Water Hill Music Fest: a Neighborhood Party
May 07, 2012
It's only the 2nd year but it's already blown up. I guess that's what blowing up means.
A chunk of the Old West Side neighborhood of Ann Arbor thought it would be fun to all go out on their porches and play music some Spring Sunday and so that's what they did. People play music already, and hang out on porches. But this was to be a day for everyone to stroll around and say Hi.
It worked great. --Wham!
People are thirsty, itchin', for neighborhoods, for family music.
I suppose there have been some PR geniuses involved, though, because this kind of good thing just doesn't happen by itself. There's always a lot of sweat somewhere behind something that looks so easy, like it was always there.
Our family went and checked it out. I think it inspired our kids. I think they saw some things they hadn't seen before. Cool! I've been itchin' to show Henry, especially, some live music. In this paternalistic-yet-devasting society of ours, where backfiring law replaces dysfunctional family, he can't see live music at a bar at night even with his parents. (OK, if Lansing was a real town there might be an All-Ages club -- there has been -- but ain't of late.) So I don't think Henry had seen a live band until now -- and he's a drummer in a band himself!
Our pal Mike Woodruff lives in that neighborhood and often has front porch hangouts and backyard parties. It's supercool that so many went along with the plan to have a whole day for that kind of thing.
It shouldn't be too hard to keep it good. I'm sure some folks are already concerned about it getting outta hand but all seems well. The cars idle calmly through the peds in the streets. I didn't see any stress.
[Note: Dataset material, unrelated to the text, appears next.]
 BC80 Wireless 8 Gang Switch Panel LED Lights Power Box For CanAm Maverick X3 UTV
Sure, many communities and even neighborhoods have parties. This seemed a bit more laid back than usual. It's just a local thing, not a real big deal.
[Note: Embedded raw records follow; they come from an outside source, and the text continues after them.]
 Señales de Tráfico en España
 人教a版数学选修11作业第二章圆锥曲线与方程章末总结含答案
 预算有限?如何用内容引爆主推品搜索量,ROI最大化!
The Dally in the Alley is the huge block party in the Cass Corridor of Detroit -- that's a special thing, too -- but tons bigger, with real event permits, etc. And, of course, downtown music fests are a dime-a-dozen. But they're neat, too: like parades and parking lot amusement rides. It's always great to get out, wander and see your neighbors.
Bring the Farmer's Market to the 'hood, why not.
Of course, Ann Arbor is great for this kind of thing. Always trying to "get it together."
Plain old block parties are cool, too -- and they're everywhere. After a day of garage sales, maybe, just rope it off, bring out the band and the chairs and food tables -- can't beat it! Here's to the block parties, porches, yards and neighborhoods!
There were, what, 50 houses in on the action in a 10 block area. How many bands? 100? More than half seemed to be all-acoustic. There was strummin' and drummin' and heavy metal: all kinds.
We saw a lot of people we knew even though we don't live around there anymore. It's a small world when you just walk around.
Here's their site: waterhill.org
The poster. T-shirts were available, too.
One of the porches.
Henry liked them.
All kinds of neat people, outfits, vehicles, bikes, motos, cars. And kids sitting in the streets petting puppies. It all worked out.
I missed getting a pic of this guy in his big Indian headdress, but this band had a quirky 80's rhythm style with no trace of hiphop. 2 girls and a guy. One of the gals played a screechy sax, the other a beatup old synth that had rows of colored lights she pressed. Shades of the Talking Heads! ...Dancing in the streets, sweat and confetti -- daytime clubbin'! (Our kids approved.)